Buyers need to be reminded and called to the same integrity and honesty in transactions.

Sellers are due more consideration and protection.
And ebay needs to quit sending THESE guys to tel,l us to sell our hard work and highly valued items for a son at a yard sale.

We are not just making space in the garage and willing to take pennies as long as the clutter becomes some one else's problem.

We are working here.
And we have bills to pay, many of us. and for many on ebay this is more than supplement
This IS the job.
No one badgers McD's to sell burgers for pennies when either are thirty employees and management to pay, property and sales and FICA taxes to pay, utilities and Insurance to cover, inspections to be ready for, and stock and equipment to maintain to specific federal standards.

neither should the ebay seller be so crassly taken for granted.

Most of the articles coming out of Auctiva from ebay are just sickening.

Let's see some HELPFUL, PRO-SELLER PROTECTION and Seller's best interest articles for a change.
I must agree with the previous poster – this article is complete nonsense. Let’s just take one example:


"We cannot [sic] be held responsible for orders lost in the mail."
Oh yes you can! As the seller, you promise to ship an item to the buyer. If it gets lost in the mail, then the buyer has fulfilled her part of the bargain, and you have not.


Firstly, what’s with the “[sic]”? “Cannot” is a perfectly correct word in the English language – the expression does NOT have to be separated into “can not”. In fact, my spell checker wants to correct “can not” into “cannot”.

More importantly though, yes, the writer is correct in saying that the seller promises to ship the article, but NOT that the seller promises to deliver it. The seller has indeed fulfilled his/her part of the contract by shipping the article in an appropriate manner. The rest is up to the delivery agent (post office or courier) who enters into a separate contract to deliver the goods for which the company was paid to do so.

eBay (and apparently now Auctiva) seem to make sellers responsible for everything, and buyers responsible for nothing.

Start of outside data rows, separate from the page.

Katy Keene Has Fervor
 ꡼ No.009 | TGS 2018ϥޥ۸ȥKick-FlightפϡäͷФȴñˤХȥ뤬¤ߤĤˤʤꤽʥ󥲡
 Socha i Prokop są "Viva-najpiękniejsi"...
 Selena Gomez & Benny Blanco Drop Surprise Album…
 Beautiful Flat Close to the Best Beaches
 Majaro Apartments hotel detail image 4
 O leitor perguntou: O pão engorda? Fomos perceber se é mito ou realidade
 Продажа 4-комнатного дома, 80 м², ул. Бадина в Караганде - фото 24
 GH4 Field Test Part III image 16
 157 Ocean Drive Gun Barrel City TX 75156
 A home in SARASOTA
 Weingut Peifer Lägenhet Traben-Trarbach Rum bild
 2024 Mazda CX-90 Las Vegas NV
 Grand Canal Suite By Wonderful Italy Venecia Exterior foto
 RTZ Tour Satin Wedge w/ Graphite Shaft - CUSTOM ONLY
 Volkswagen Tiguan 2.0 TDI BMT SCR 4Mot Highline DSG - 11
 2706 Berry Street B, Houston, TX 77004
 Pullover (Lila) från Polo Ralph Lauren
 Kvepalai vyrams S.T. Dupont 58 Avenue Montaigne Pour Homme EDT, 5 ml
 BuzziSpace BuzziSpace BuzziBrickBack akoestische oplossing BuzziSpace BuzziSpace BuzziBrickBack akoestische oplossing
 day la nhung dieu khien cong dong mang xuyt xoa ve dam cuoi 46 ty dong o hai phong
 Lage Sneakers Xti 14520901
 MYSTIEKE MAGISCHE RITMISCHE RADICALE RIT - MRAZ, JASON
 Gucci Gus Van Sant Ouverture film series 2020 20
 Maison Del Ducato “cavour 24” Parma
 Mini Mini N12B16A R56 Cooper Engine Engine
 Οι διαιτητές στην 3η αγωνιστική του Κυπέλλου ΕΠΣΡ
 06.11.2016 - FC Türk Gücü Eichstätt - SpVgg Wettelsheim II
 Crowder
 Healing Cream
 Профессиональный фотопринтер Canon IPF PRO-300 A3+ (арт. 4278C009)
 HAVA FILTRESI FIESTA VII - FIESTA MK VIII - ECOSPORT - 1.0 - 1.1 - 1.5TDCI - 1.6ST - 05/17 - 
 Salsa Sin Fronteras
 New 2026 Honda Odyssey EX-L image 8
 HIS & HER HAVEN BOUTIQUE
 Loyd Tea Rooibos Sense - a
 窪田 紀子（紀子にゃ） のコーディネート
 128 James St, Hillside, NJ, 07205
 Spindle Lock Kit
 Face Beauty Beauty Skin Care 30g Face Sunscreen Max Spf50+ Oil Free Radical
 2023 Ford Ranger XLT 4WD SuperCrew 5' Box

These days,

* even if a buyer can’t read the simplest of descriptions, it becomes the seller’s fault (we sold a small 1/87 scale model of a shipping container, in an appropriate scale model railway category, stating both scale anf gauge several times, even explaining the size by using an example, showing pictures of it, listing its exact dimensions in cm, and got negative feedback because the buyer expected to receive the real thing - an actual 6m long shipping container for a total price, including shipping, of less than $20).

* If the seller does everything right but the shipping company fails to deliver, it is the seller’s fault (even if the seller has absolutely no control over the delivery process).

* When things get delayed because some country's Customs Department wants to make a random inspection and takes its time about it, it becomes the seller's fault (we were given negative feedback by a Canadian buyer because the customs department randomly checked the article, thus delaying delivery; online tracking showed that we had shipped the article within an hour of receiving payment, that the article arrived in Canada in less than 3 days, and that it was currently being held by Customs for inspection, yet the buyer claimed that we had failed to ship the article in a safe manner; according to eBay, we now must state explicitly that "we cannot be held responsible for the actions of any government agency", as if that weren't patently obvious to begin with).

* Even if the shipping company also does everything right but returns the article because the buyer was never at home for delivery and failed to make alternative arrangements (or pick up the package), it becomes the seller’s fault (with the buyer demanding that the seller pay for a second international shipping of the same article).

This nonsense really has to stop if eBay wants to survive. You can pander to buyers only so much – in the end, if eBay scares away the sellers, there won’t be any buyers left either.